2.Feature Selection

Link to Jupyter notebook: 2.feature-selection.ipynb

Introduction to feature selection

In machine learning, feature selection is need for several reasons:

  • (Interpretation) We want to know which features are most relevant.

  • (Computation) With fewer features, computation is more efficient in terms of time and memory.

  • (Performance) After filtering irrelevant features, the model is less prone to overfitting.

In general, feature selection methods fall into three categories:

Filter methods

Feature selection is performed independently of the predictor. Usually filter methods are the fastest and simplest way do feature selection. Every feature or a group of features is evaluated in each step, and features that pass a given criteron are kept.

Wrapper methods

Different from filter methods in that a complex predictor is used to rank the features, which combines all features to make a prediction. Ideally, all subsets can be evaluated to get the best subset. However, greedy algorithms (e.g. sequential feature selection) and stochastic algorihtms are often used instead of best subset selection because the number of subsets increase exponentially with the number of features. Wrapper methods may be stuck in local minima if they cannot explore the whole feature subset space. Wrapper methods often require large computation resources especially the computational complexity of the predictor is high.

Embedded methods

Feature selection is embedded into a prediction algorithm, which is typically implemented by adding a regularization term, either explicitly or implicitly. Feature interdependence is considered by embedded methods. Compared to wrapper methods, the computational complexity embedded methods is lower.

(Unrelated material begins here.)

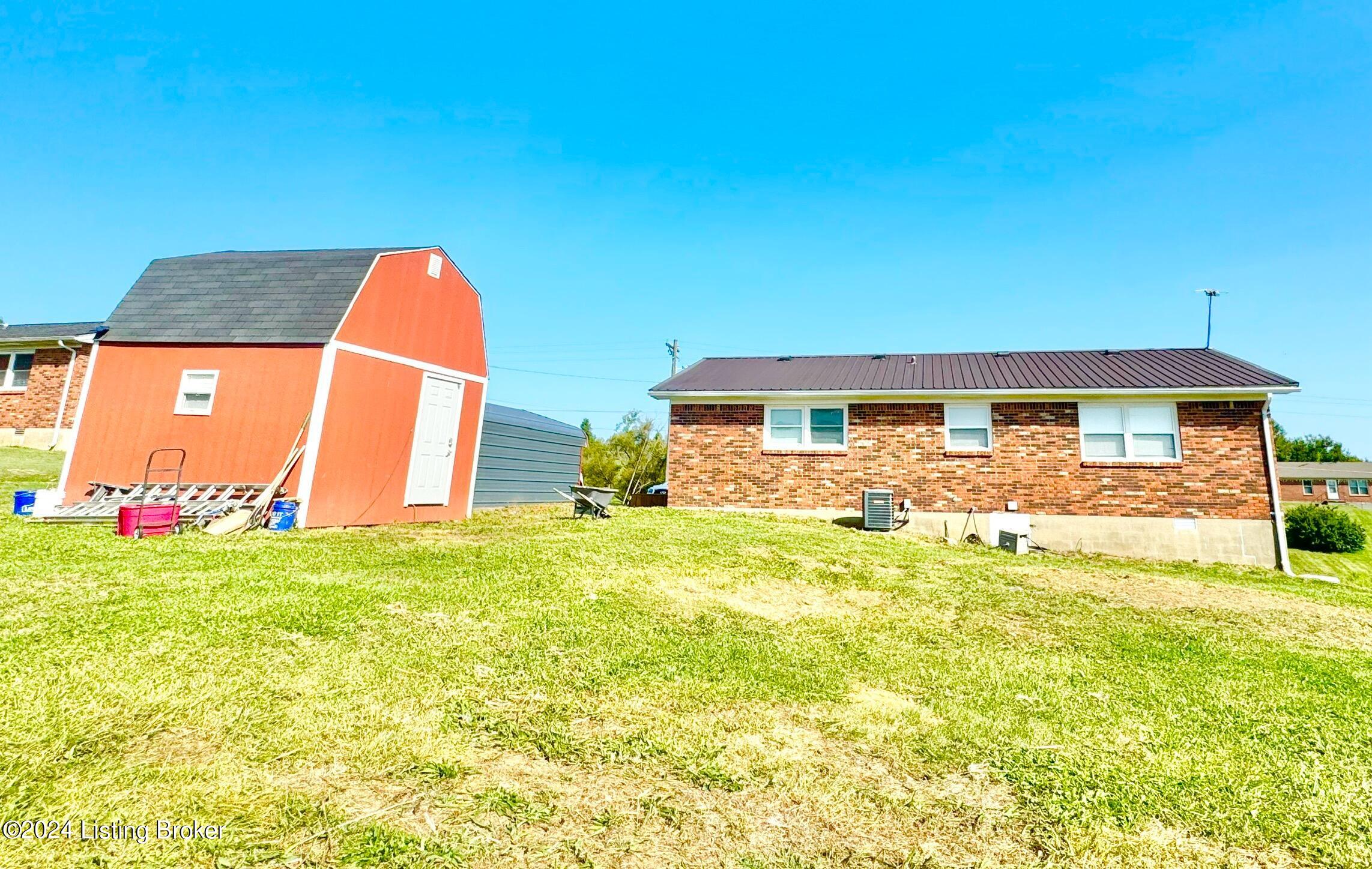 2270 Plum Run Road Bardstown, KY 40004 - Photo 22 of 42 IMG_5889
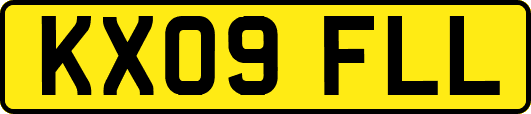 KX09FLL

Import required Python packages

%pylab inline
import pandas as pd
# For machine learning
from sklearn.datasets import make_classification, make_regression
from sklearn.preprocessing import StandardScaler
from sklearn.linear_model import LogisticRegression
from sklearn.ensemble import RandomForestClassifier
from sklearn.neighbors import KNeighborsClassifier
from sklearn.tree import DecisionTreeClassifier
from sklearn.cluster import KMeans
from sklearn.svm import SVC, LinearSVC
from sklearn.gaussian_process import GaussianProcessClassifier
from sklearn.decomposition import PCA
from sklearn.model_selection import KFold, train_test_split, GridSearchCV, cross_val_score
from sklearn.metrics import accuracy_score, roc_auc_score, f1_score, recall_score, precision_score, \
    roc_curve, precision_recall_curve, average_precision_score, matthews_corrcoef, confusion_matrix
# For plotting
import seaborn as sns
sns.set()
sns.set_style('whitegrid')
Populating the interactive namespace from numpy and matplotlib

Seed the random number generator

To make the randomly generated dataset reproducible, we fixed seed of the numpy pseudo-random number generator.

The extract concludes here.